WHAT IS NEEDED → Your answer should be each line of the entries that contains the word "Iron", copied in full.

Records from a data source
━━━━━━━━━━━━━━━━━━━━

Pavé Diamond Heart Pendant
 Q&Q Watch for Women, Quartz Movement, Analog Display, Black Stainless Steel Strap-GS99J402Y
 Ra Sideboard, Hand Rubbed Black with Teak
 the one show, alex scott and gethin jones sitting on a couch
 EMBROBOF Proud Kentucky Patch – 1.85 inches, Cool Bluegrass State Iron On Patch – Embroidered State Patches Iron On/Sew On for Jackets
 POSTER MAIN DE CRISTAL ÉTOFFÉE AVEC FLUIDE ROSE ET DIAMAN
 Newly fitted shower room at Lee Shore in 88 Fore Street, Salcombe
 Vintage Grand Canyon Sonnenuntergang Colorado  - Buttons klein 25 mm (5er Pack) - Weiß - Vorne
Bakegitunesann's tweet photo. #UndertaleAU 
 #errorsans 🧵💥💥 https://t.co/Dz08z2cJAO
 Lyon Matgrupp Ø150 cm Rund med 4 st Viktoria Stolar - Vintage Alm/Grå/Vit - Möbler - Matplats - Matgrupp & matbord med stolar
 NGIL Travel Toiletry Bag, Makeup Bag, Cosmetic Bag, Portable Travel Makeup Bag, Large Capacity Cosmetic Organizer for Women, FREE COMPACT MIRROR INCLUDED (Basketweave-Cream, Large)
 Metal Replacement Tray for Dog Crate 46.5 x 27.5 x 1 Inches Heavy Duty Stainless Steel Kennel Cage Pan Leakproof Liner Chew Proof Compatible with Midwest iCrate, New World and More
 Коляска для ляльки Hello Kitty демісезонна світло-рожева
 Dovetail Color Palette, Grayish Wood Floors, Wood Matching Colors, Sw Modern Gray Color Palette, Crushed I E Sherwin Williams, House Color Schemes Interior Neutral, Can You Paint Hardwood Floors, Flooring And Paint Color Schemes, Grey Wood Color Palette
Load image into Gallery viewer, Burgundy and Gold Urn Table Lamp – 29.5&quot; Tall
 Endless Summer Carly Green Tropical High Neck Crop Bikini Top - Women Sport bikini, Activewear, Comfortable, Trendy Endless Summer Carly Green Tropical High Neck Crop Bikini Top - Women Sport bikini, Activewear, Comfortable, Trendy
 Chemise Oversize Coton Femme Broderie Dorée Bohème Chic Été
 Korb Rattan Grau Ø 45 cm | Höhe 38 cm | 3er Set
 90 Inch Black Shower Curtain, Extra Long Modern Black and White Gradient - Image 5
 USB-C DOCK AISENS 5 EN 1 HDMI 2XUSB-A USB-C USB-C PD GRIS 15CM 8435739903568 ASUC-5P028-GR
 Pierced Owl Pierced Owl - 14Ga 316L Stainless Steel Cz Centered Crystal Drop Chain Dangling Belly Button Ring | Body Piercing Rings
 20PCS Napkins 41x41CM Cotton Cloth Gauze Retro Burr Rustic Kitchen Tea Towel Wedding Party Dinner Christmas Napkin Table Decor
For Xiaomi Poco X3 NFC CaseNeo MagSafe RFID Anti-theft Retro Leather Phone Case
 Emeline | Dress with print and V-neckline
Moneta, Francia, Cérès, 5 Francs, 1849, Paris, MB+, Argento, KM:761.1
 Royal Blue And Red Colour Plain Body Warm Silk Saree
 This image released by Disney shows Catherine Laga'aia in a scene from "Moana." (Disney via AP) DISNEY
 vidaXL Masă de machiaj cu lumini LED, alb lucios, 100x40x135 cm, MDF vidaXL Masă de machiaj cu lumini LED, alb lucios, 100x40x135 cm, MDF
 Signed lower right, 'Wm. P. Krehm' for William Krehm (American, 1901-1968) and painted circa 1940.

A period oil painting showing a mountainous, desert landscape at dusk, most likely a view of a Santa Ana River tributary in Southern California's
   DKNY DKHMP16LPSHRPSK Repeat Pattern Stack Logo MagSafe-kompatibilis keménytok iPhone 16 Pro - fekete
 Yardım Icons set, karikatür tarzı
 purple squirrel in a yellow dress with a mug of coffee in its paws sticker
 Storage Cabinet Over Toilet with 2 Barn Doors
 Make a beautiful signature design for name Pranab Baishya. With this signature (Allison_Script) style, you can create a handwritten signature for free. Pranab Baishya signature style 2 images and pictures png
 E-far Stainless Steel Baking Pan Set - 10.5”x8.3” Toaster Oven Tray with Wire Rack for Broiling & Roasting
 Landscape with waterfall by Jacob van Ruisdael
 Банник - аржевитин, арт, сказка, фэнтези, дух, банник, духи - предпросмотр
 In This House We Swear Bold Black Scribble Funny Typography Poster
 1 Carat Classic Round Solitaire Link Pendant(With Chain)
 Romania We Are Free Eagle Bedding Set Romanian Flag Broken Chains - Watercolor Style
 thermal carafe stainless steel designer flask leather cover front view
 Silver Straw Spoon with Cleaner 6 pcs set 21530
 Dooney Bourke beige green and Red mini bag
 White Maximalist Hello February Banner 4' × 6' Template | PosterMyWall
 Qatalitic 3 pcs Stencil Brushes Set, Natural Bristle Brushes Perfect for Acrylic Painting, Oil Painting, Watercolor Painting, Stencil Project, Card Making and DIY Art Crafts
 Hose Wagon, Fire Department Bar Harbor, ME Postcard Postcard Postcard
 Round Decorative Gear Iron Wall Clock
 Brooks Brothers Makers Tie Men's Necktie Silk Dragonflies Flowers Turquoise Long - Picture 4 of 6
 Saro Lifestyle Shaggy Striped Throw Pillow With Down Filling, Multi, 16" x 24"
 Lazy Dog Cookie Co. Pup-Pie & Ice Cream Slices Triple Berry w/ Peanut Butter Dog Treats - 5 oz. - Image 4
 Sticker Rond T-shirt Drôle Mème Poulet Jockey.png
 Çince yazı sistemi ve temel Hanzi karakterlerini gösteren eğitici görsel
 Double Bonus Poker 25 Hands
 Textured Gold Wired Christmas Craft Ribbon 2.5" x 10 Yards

━━━━━━━━━━━━━━━━━━━━

TASK SOLUTION →
 EMBROBOF Proud Kentucky Patch – 1.85 inches, Cool Bluegrass State Iron On Patch – Embroidered State Patches Iron On/Sew On for Jackets
 Round Decorative Gear Iron Wall Clock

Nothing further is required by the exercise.